6.894 : Interactive Data Visualization
Assignment 1: visualization design.
In this assignment, you will design a visualization for a small data set and provide a rigorous rationale for your design choices. You should in theory be ready to explain the contribution of every pixel in the display. You are free to use any graphics or charting tool you please – including drafting it by hand. However, you may find it most instructive to create the chart from scratch using a graphics API of your choice.
(See Resources for a list of visualization tools.)

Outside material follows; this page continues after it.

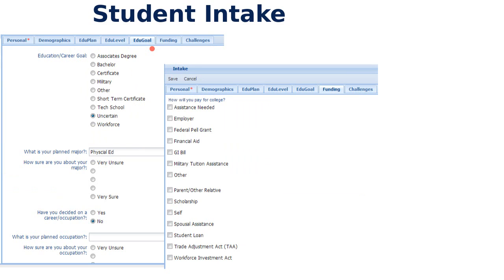The student intake allows us to pick up a lot of data that your registrars typically do not — things like are you first generation, how sure are you about your major, what do you really want to do, how do you think you're going to pay for college, what challenges do you think you have — so that when we meet with the student we can have a deeper connection more quickly. This can be sent to them as an email; they fill it out securely online, letting us know about their situation: do they have kids, what shift they work, how many hours they work, how many hours a week they have to study.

Data Set: U.S. Population, 1900 vs. 2000
Every 10 years, the census bureau documents the demographic make-up of the United States, influencing everything from congressional districting to social services. This dataset contains a high-level summary of census data for two years a century apart: 1900 and 2000. The data is a CSV (comma-separated values) file that describes the U.S. population in terms of year, reported sex (1: male, 2: female), age group (binned into 5 year segments from 0-4 years old up to 90+ years old), and the total count of people per group. There are 38 data points per year, for a total of 76 data points.
Dataset: CSV Source: U.S. Census Bureau via IPUMS
- Start by choosing a question you'd like a visualization to answer.
- Design a static visualization (i.e., a single image) that you believe effectively answers that question, and use the question as the title of your graphic.
- Provide a short write-up (no more than 4 paragraphs) describing your design.
While you must use the data set given, you are free to transform the data as you see fit. Such transforms may include (but are not limited to) log transformation, computing percentages or averages, grouping elements into new categories, or removing unnecessary variables or records. You are also free to incorporate external data as you see fit. Your chart image should be interpretable without recourse to your short write-up. Do not forget to include title, axis labels or legends as needed!
As different visualizations can emphasize different aspects of a data set, you should document what aspects of the data you are attempting to most effectively communicate. In short, what story are you trying to tell? Just as important, also note which aspects of the data might be obscured or down-played due to your visualization design.
In your write-up, you should provide a rigorous rationale for your design decisions. Document the visual encodings you used and why they are appropriate for the data and your specific question. These decisions include the choice of visualization type, size, color, scale, and other visual elements, as well as the use of sorting or other data transformations. How do these decisions facilitate effective communication?
The assignment score is out of a maximum of 10 points. Historically, the median score on this assignment has been 8.5. We will determine scores by judging both the soundness of your design and the quality of the write-up. We will also look for consideration of audience, message and intended task.
We will use the following rubric to grade your assignment. Note, rubric cells may not map exactly to specific point scores.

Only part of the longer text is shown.